- **Data for analysis**:
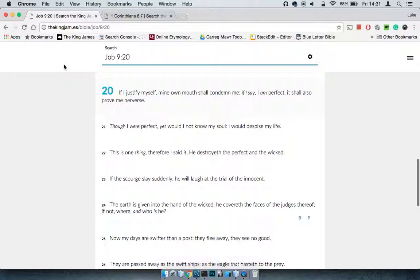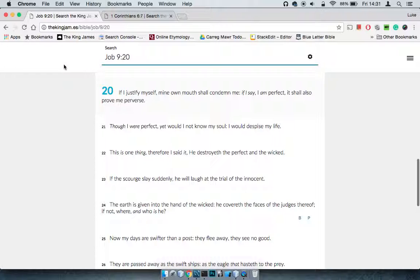Job 9:20, it says, if I justify myself, my own mouth shall condemn me. If I say I am perfect, it shall also prove me perverse. Because sometimes, as we always say, brothers in the States came up with it, man, he said, just take the L, man.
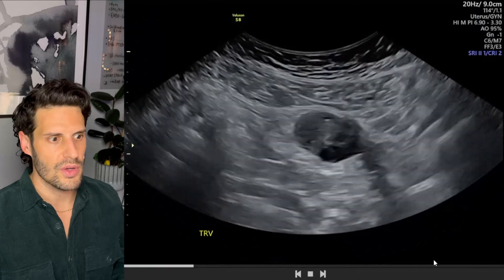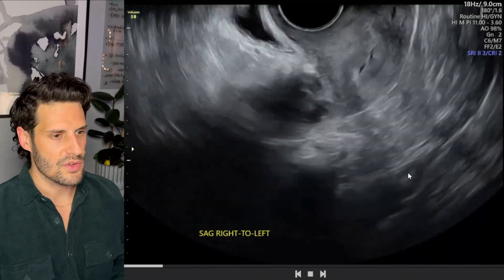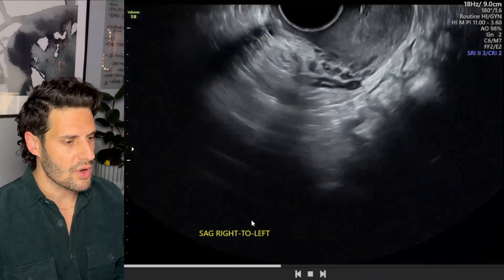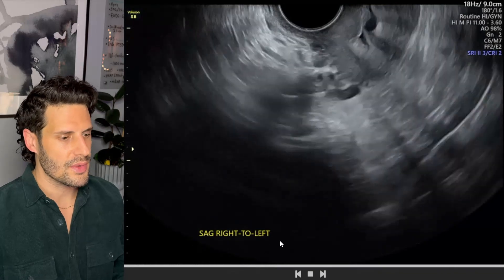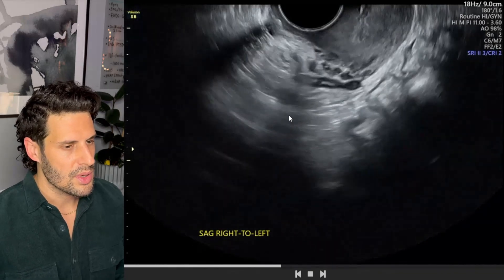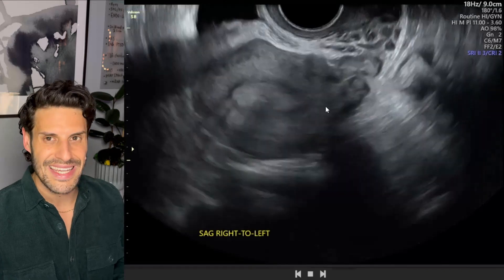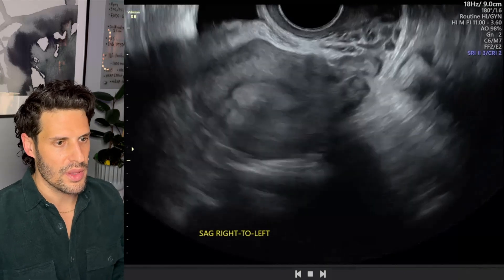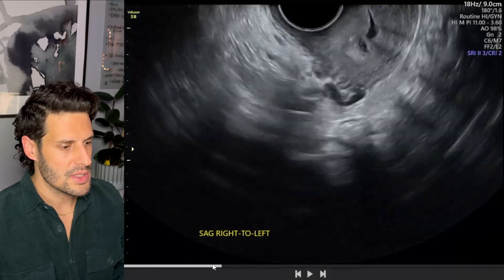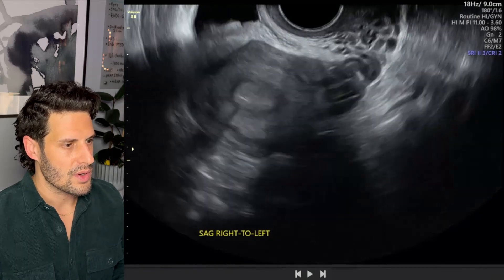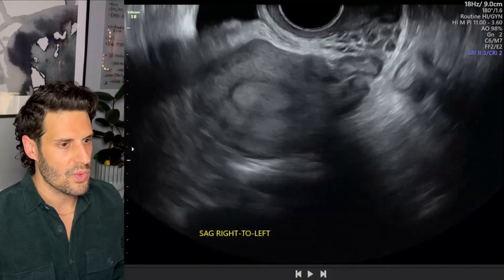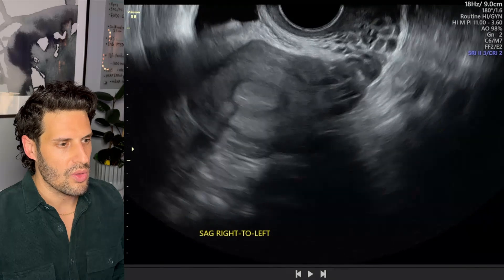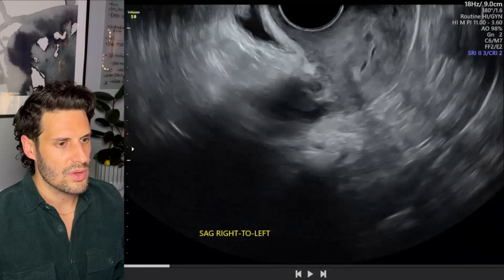We move on to the transvaginal views now. Using the annotation on the screen from our sonographers, we know this is a sagittal sweep from right to left. There's a little obliqueness to this particular sweep — we're starting with more fundus and ending more with the cervix. Starting about here, this is going to be right cornea, then not quite all the way there, then central, and then cervix.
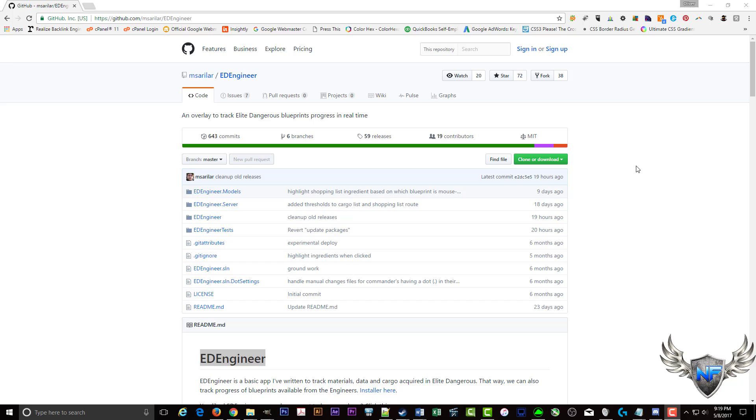Alright, this is Commander Boston with Nova Force and today we're going to be doing a quick tutorial on ED Engineer, which is by Maxime Sarilar.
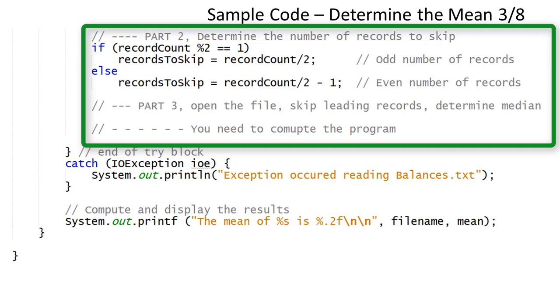You need to complete this part of the program by first skipping several records until it is time to read the record or records when reaching the records used to determine the median value.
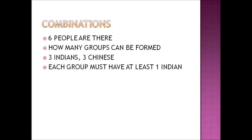Another question came from combinations. We had to calculate the number of possible combinations. If 6 people are there, out of that 3 are Indians, 3 are Chinese. So we had to form groups. Then groups can be like containing 1 person, 2 persons, 3 persons, any number of persons. And the condition was that each group should have at least 1 Indian. So we had to calculate the number of combinations of this case.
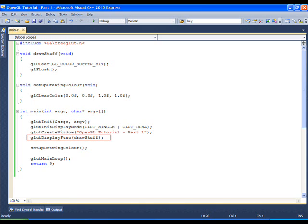GLUT display func takes a pointer to the function that GLUT needs to call whenever the window needs to be drawn. This call happens when the window is first displayed, resized or uncovered.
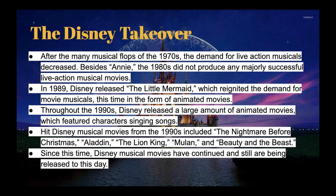Here's something cool — in 1989, Disney released The Little Mermaid, which reignited the demand for movie musicals, this time in the form of animated movies.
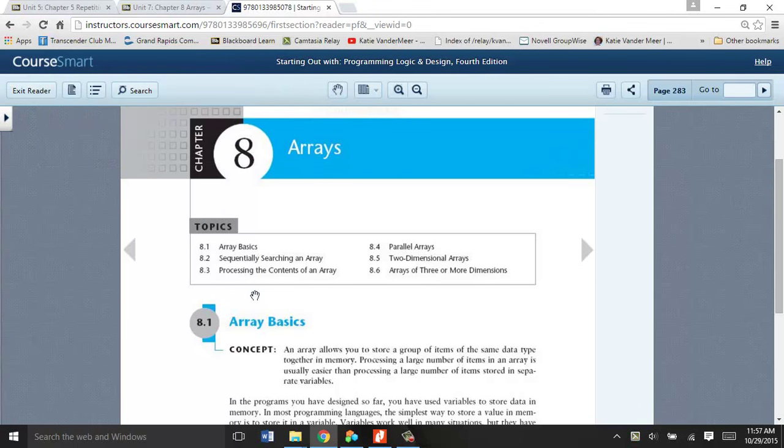Hello, everybody. This is Katie Vandermeer, and you're here listening to me talk about arrays. Not a-rays, that would be nice financially, but arrays. A-R-R-A-Y-S.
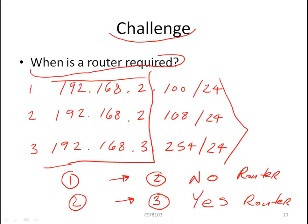If address two was sending to address three, then address two would send the message to the router, and the router would do the heavy lifting — it would find the path to the destination IP.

- **Exercise prompt**:
Copy nothing outside the span: please output the lines from the one with "Hello, everybody. This" through the end of the entries above, and skip the pictures.

- **Written answer**:
Hello, everybody. This is Katie Vandermeer, and you're here listening to me talk about arrays. Not a-rays, that would be nice financially, but arrays. A-R-R-A-Y-S.
If address two was sending to address three, then address two would send the message to the router, and the router would do the heavy lifting — it would find the path to the destination IP.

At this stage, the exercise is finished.